This paper studies linear time series regressions with many regressors. Weak exogeneity is the most used identifying assumption in time series. Weak exogeneity requires the structural error to have zero conditional expectation given the present and past regressor values, allowing errors to correlate with future regressor realizations. We show that weak exogeneity in time series regressions with many controls may produce substantial biases and even render the least squares (OLS) estimator inconsistent. The bias arises in settings with many regressors because the normalized OLS design matrix remains asymptotically random and correlates with the regression error when only weak (but not strict) exogeneity holds. This bias's magnitude increases with the number of regressors and their average autocorrelation. To address this issue, we propose an innovative approach to bias correction that yields a new estimator with improved properties relative to OLS. We establish consistency and conditional asymptotic Gaussianity of this new estimator and provide a method for inference.

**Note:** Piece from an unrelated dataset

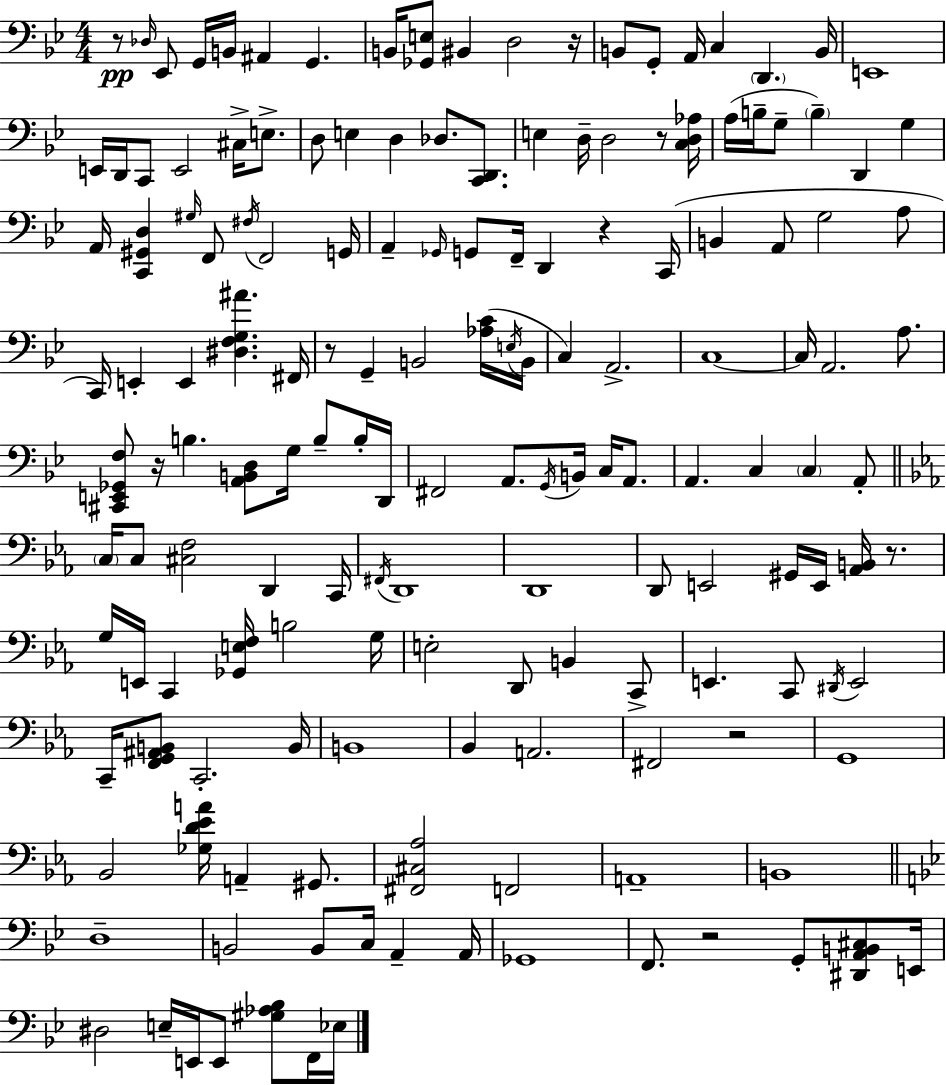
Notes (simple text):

R/e Db3/s Eb2/e G2/s B2/s A#2/q G2/q. B2/s [Gb2,E3]/e BIS2/q D3/h R/s B2/e G2/e A2/s C3/q D2/q. B2/s E2/w E2/s D2/s C2/e E2/h C#3/s E3/e. D3/e E3/q D3/q Db3/e. [C2,D2]/e. E3/q D3/s D3/h R/e [C3,D3,Ab3]/s A3/s B3/s G3/e B3/q D2/q G3/q A2/s [C2,G#2,D3]/q G#3/s F2/e F#3/s F2/h G2/s A2/q Gb2/s G2/e F2/s D2/q R/q C2/s B2/q A2/e G3/h A3/e C2/s E2/q E2/q [D#3,F3,G3,A#4]/q. F#2/s R/e G2/q B2/h [Ab3,C4]/s E3/s B2/s C3/q A2/h. C3/w C3/s A2/h. A3/e. [C#2,E2,Gb2,F3]/e R/s B3/q. [A2,B2,D3]/e G3/s B3/e B3/s D2/s F#2/h A2/e. G2/s B2/s C3/s A2/e. A2/q. C3/q C3/q A2/e C3/s C3/e [C#3,F3]/h D2/q C2/s F#2/s D2/w D2/w D2/e E2/h G#2/s E2/s [Ab2,B2]/s R/e. G3/s E2/s C2/q [Gb2,E3,F3]/s B3/h G3/s E3/h D2/e B2/q C2/e E2/q. C2/e D#2/s E2/h C2/s [F2,G2,A#2,B2]/e C2/h. B2/s B2/w Bb2/q A2/h. F#2/h R/h G2/w Bb2/h [Gb3,D4,Eb4,A4]/s A2/q G#2/e. [F#2,C#3,Ab3]/h F2/h A2/w B2/w D3/w B2/h B2/e C3/s A2/q A2/s Gb2/w F2/e. R/h G2/e [D#2,A2,B2,C#3]/e E2/s D#3/h E3/s E2/s E2/e [G#3,Ab3,Bb3]/e F2/s Eb3/s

翻译：本文研究含多个回归变量的线性时间序列回归问题。弱外生性是时间序列分析中最常用的识别假设，它要求结构误差在当前及过往回归变量取值条件下的条件期望为零，但允许误差项与未来回归变量实现值相关。研究表明，在包含大量控制变量的时间序列回归中，弱外生性假设可能导致显著偏误，甚至使得最小二乘（OLS）估计量不一致。当回归变量数量众多时，由于仅在弱外生性（而非严格外生性）成立条件下，标准化OLS设计矩阵仍保持渐近随机性并与回归误差相关，从而产生偏误。该偏误幅度随回归变量数量及其平均自相关性的增加而增大。针对这一问题，本文提出创新的偏误校正方法，由此得到较OLS具有更优统计性质的新型估计量。我们证明了该估计量的一致性和条件渐近高斯性，并给出了统计推断方法。